The Edge

Richard Northedge takes on corporate finance

High dividends mean the business outlook is bad

If companies are so cash-rich why are they handing out dividends instead of spending or investing? But having pushed up the yield on shares with increased payments, why are share prices not higher?
Companies have got their balance sheets in order far quicker than governments or consumers.

That’s why they have no great wish to borrow. Businesses are throwing off money, but they are throwing it at their shareholders. They are not buying new equipment, not spending it on staff and not making takeovers.

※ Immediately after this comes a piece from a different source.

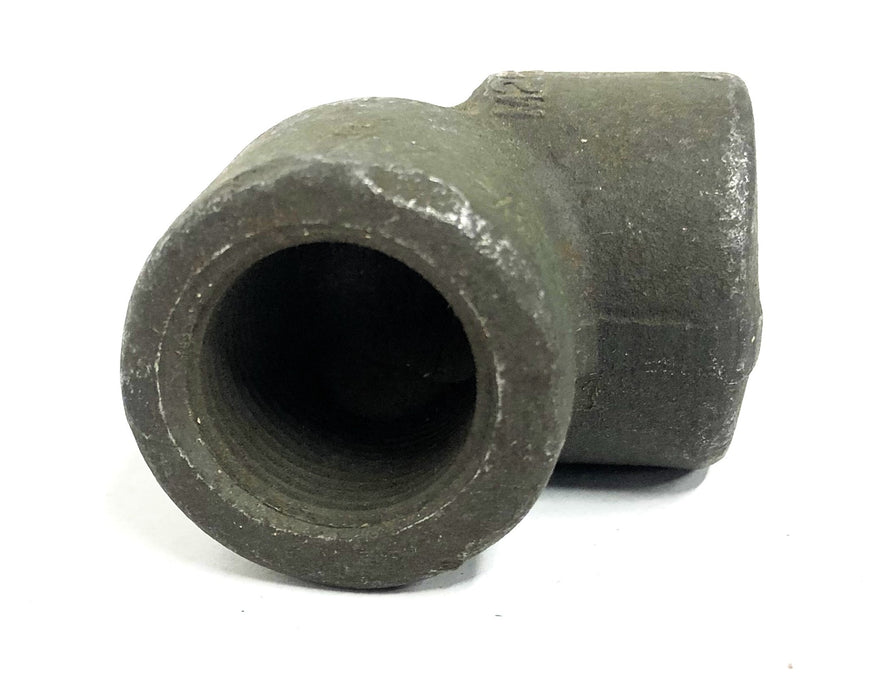 Unbranded 90 Degree Elbow Fitting 3/4 Inch 2000#A105 (M252) NOS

Dividend payments rose by 19.4 per cent in 2011 according to Capita, one
of the registrars making those payments.

Even stripping out a £2bn special dividend pledged by Vodafone and allowing for BP’s return to the lists after its oil spill, that’s an underlying rise of an inflation-busting 12.8 per cent and leaves the FTSE 100 yielding 3.5 per cent.

Normally if an investment is yielding so much more than money rates it is because investors doubt that payments will continue or doubt that they will rise with inflation. Yet Capital somehow forecasts that dividends will rise a further 11 per cent in 2012.

And those increased payments are still covered 2.77-times by earnings, which suggests that profits could take a big hit without shareholders having to feel the impact.

Total payments were £67.8bn in 2011 with special dividends accounting for only £2.9bn of that - and Vodafone accounting for all the increase in those one-off hand-outs. Much of that cash goes abroad but a sizable chunk goes into pension funds, making their finances more sound, which means that companies are less likely to need to top up black holes. That’s a double gain for corporates.

But the underlying worry is that if companies would rather give away their cash than spend it, they cannot be confident about future prospects. And if the investors receiving that money don’t think it worth pushing share prices higher, they too must be worried about the future.